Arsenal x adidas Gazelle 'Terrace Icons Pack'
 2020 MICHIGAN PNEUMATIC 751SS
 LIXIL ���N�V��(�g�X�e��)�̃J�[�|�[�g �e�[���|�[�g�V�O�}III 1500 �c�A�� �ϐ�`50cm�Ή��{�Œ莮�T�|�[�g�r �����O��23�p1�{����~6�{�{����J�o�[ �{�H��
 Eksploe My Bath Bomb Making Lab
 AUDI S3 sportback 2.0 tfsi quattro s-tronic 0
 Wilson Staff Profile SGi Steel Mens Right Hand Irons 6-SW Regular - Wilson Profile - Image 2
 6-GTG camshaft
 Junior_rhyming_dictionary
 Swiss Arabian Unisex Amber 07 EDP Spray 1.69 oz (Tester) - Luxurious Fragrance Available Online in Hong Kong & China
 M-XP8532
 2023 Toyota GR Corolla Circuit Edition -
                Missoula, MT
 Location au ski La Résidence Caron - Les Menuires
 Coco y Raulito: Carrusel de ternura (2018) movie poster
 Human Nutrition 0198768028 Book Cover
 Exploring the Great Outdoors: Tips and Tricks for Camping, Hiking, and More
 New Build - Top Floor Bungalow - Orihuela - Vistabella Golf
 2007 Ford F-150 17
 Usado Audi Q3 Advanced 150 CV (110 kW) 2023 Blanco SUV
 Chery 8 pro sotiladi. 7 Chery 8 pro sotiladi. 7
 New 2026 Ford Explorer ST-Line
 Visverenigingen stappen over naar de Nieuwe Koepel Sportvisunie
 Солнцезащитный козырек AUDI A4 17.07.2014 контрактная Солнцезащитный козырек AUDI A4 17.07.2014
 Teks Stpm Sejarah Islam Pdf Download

--- HOW TO COMPLETE THIS TASK ---
The output is every entry, printed exactly as it reads.

--- RESULT FOR THIS EXERCISE ---
Arsenal x adidas Gazelle 'Terrace Icons Pack'
 2020 MICHIGAN PNEUMATIC 751SS
 LIXIL ���N�V��(�g�X�e��)�̃J�[�|�[�g �e�[���|�[�g�V�O�}III 1500 �c�A�� �ϐ�`50cm�Ή��{�Œ莮�T�|�[�g�r �����O��23�p1�{����~6�{�{����J�o�[ �{�H��
 Eksploe My Bath Bomb Making Lab
 AUDI S3 sportback 2.0 tfsi quattro s-tronic 0
 Wilson Staff Profile SGi Steel Mens Right Hand Irons 6-SW Regular - Wilson Profile - Image 2
 6-GTG camshaft
 Junior_rhyming_dictionary
 Swiss Arabian Unisex Amber 07 EDP Spray 1.69 oz (Tester) - Luxurious Fragrance Available Online in Hong Kong & China
 M-XP8532
 2023 Toyota GR Corolla Circuit Edition -
                Missoula, MT
 Location au ski La Résidence Caron - Les Menuires
 Coco y Raulito: Carrusel de ternura (2018) movie poster
 Human Nutrition 0198768028 Book Cover
 Exploring the Great Outdoors: Tips and Tricks for Camping, Hiking, and More
 New Build - Top Floor Bungalow - Orihuela - Vistabella Golf
 2007 Ford F-150 17
 Usado Audi Q3 Advanced 150 CV (110 kW) 2023 Blanco SUV
 Chery 8 pro sotiladi. 7 Chery 8 pro sotiladi. 7
 New 2026 Ford Explorer ST-Line
 Visverenigingen stappen over naar de Nieuwe Koepel Sportvisunie
 Солнцезащитный козырек AUDI A4 17.07.2014 контрактная Солнцезащитный козырек AUDI A4 17.07.2014
 Teks Stpm Sejarah Islam Pdf Download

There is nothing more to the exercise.